In the years before he got to Greenwich Village, Dylan was listening to records, picking out the chords and melodies to the songs he liked, watching Elvis on TV, studying his heroes. Then imitation led to innovation. His girlfriend at the time, Suze Rotolo, writes about how she watched this process unfold. She writes that “during the process of assimilation the artist’s output will be an imitation of the beloved form. In the end, for the uniquely gifted, there will be innovation… Dave Van Ronk said about his unique guitar style: ‘I tried my damnedest to copy those old guys, but I just couldn’t do it, so I had to come up with something.’”
She once heard Bob Dylan say, “Hey, you gotta listen to this song I just wrote!

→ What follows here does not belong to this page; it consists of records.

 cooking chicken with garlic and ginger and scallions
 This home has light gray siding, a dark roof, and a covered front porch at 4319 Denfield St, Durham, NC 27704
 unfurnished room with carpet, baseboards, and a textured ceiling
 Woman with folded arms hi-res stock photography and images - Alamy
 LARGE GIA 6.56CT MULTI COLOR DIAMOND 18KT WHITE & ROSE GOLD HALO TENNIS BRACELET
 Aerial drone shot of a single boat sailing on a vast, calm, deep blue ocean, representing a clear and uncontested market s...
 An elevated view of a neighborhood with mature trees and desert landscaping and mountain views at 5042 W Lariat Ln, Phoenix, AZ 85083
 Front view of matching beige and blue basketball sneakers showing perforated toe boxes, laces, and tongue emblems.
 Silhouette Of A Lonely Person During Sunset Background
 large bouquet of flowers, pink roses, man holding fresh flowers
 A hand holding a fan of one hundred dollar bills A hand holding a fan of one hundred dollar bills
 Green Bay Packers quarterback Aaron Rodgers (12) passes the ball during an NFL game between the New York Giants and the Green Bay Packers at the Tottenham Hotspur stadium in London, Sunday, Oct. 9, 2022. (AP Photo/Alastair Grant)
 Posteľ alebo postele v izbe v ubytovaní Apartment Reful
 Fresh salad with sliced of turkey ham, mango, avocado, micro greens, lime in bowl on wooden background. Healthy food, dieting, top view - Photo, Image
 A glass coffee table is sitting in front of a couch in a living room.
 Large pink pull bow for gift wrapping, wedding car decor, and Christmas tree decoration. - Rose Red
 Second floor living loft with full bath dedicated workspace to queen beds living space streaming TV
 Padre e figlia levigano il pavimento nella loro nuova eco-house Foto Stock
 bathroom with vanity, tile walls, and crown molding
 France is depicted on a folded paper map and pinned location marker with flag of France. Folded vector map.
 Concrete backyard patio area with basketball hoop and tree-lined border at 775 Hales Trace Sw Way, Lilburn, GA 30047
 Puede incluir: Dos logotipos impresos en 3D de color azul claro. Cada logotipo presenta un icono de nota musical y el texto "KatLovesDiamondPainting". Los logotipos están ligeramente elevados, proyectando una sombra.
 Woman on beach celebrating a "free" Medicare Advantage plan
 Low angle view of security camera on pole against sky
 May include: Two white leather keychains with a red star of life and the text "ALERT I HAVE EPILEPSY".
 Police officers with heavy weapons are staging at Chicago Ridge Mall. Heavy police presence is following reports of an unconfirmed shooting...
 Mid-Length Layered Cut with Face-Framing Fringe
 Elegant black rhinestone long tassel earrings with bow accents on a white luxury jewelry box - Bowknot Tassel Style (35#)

I just wrote it, or at least I think I wrote it, but maybe I heard it somewhere.”
I Rewrote An Old Song To Make My Song
When he was in the Air Force, Johnny Cash heard a song called Crescent City Blues by Gordon Jenkins. He had recently seen the movie Inside the Walls of Folsom Prison and wondered what it would be like to be in prison. “At the time, I really had no idea I would be a professional recording artist; I wasn’t trying to rip anybody off,” Cash told a Canadian Magazine in the mid 90s. His song Folsom Prison Blues ended up sounding very similar to the Jenkins song. Here are the first lines from the verses of each:
Crescent City Blues:
I hear the train a-comin, it’s rolling ’round the bend…
When I was just a baby my mama told me, Sue…
I see the rich folks eatin’ in that fancy dining car…
Folsom Prison Blues:
I hear the train a-comin’, it’s rolling ’round the bend…
When I was just a baby, my mama told me, “Son…
I bet there’s rich folks eatin’ in a fancy dining car…
He definitely took a lot of inspiration from the song. And ended up paying Gordon Jenkins nearly half a million dollars (in today’s money) after it became a hit. But if he “ripped it off,” why have most people never heard the name Gordon Jenkins? Why was Cash’s version of the song so much more popular? It’s because Cash had something that Jenkins didn’t. He had style. He was the man in black. He was thinking about what it would be like to be in prison, wondering about the worst reason to kill a man: ”I shot a man in Reno, just to watch him die.” He came from the same tradition that Dylan did. He processed what he heard and put his own spin on it. Gave it style. Cash said that “when I later went to Sun to record the song, I told Sam Phillips that I rewrote an old song to make my song, and that was that.”
In Proportion To The Greatness Of What He Loved
The artist’s job is to see the extraordinary in the seemingly mundane. To reinterpret the world around them in a way that helps others see it in a new light. Woody Guthrie, Bob Dylan’s hero who he emulated, was a voice for struggling people all over the country and inspired generations of musicians. Gordon Jenkins, who inspired Johnny Cash’s iconic song, helped shape the sound of mid-20th-century pop music. Both of these men were striving to emulate and reshape material that came from great artists. They were reinterpreting greatness.
The Danish philosopher Søren Kierkegaard wrote that, “no one shall be forgotten who was great in this world; but everyone was great in his own way, and everyone in proportion to the greatness of what he loved.” If Bob Dylan stayed in Minnesota and never met Woody Guthrie, he wouldn’t have written The Times They Are A Changin’. If Johnny Cash hadn’t heard Crescent City Blues, he would have never written Folsom Prison Blues and made his iconic At Folsom Prison album. The devoted artist will seek out, study, and rework material that they love. The stuff that connects to their soul. Then they will create something great and the cycle will continue.